Tokoh lain yang punya cerita menarik adalah Tio Tek Hong. Dialah pedagang yang pertama kali menggunakan cara harga pasti (vaste prijs) untuk setiap barang yang dijualnya. Dengan cara ini calon pembeli tidak perlu menawar lagi dan tak perlu khawatir membeli barang dengan harga terlalu mahal. Tio Tek Hong dulunya dikenal sebagai pedagang alat-alat musik. Pemutar musik yang populer waktu itu adalah phonograph. Alat ini dipromosikan Tio Tek Hong dengan sebutan “mesin bicara.” Tujuannya tentu untuk menarik perhatian. Bekas toko milik Tio Tek Hong yang bisa ditemui adalah Toko Populer yang terletak di Jl. Pasar Baru No. 93. Adapun rumah Tio Tek Hong kini sudah beralih fungsi menjadi restoran es krim Tropik.
Catatan sejarah yang ditulis seorang Belanda HCC. Clockener Brousson dalam buku berjudul Batavia Awal Abad 20, secara jelas menyebutkan keberadaan 2 tokoh Cina di atas yakni Mayor Tio Tek Hu dan Tio Tek Hong. Brousson menulis, pangkat militer mayor bisa diperoleh dari gubernemen setelah membayar sejumlah uang. Meski penyandang pangkat akan mendapat banyak masalah dan pekerjaan, semua dilakukan dengan senang hati. Pada waktu itu, di Hindia ada banyak orang Cina yang berpangkat letnan, kapten hingga mayor. Salah satu syarat untuk mendapat pangkat itu adalah berkelakuan baik dan mampu berkomunikasi dengan kalangannya. Popularitas Tio Tek Hong juga diakui oleh Brousson. Toko Tio Tek Hong kala itu dikenal ramai dan punya banyak pelanggan.

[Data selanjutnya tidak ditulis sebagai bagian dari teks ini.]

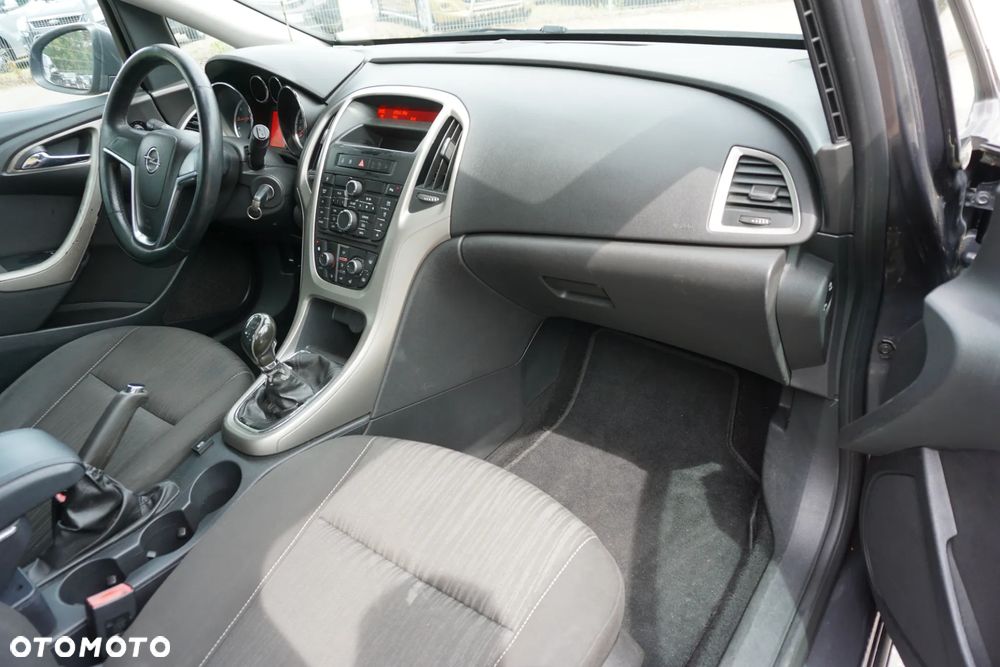 Opel Astra 1.6 Selection - 15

Belajar sejarah menjadi kian menarik dengan melihat langsung bekas-bekas peninggalan yang tersisa. Batavia yang berjuluk queen of the east, agaknya terlalu sayang jika sekedar dinikmati lewat buku dan bacaan. Dokumentasi sejarah dalam bentuk film dan buku akan semakin hidup dengan melihat langsung sisa peninggalannya. Dengan begitu, orang makin paham letak perbedaan antara dulu dengan sekarang. Weltervreden atau ibukota baru memang sudah terlampau sesak oleh penghuninya. Dari kegiatan semisal plesiran tempo doeloe inilah kita belajar mengenang suasana Jakarta yang masih sepi. Membayangkan, wajah kota seandainya tanpa ada urbanisasi.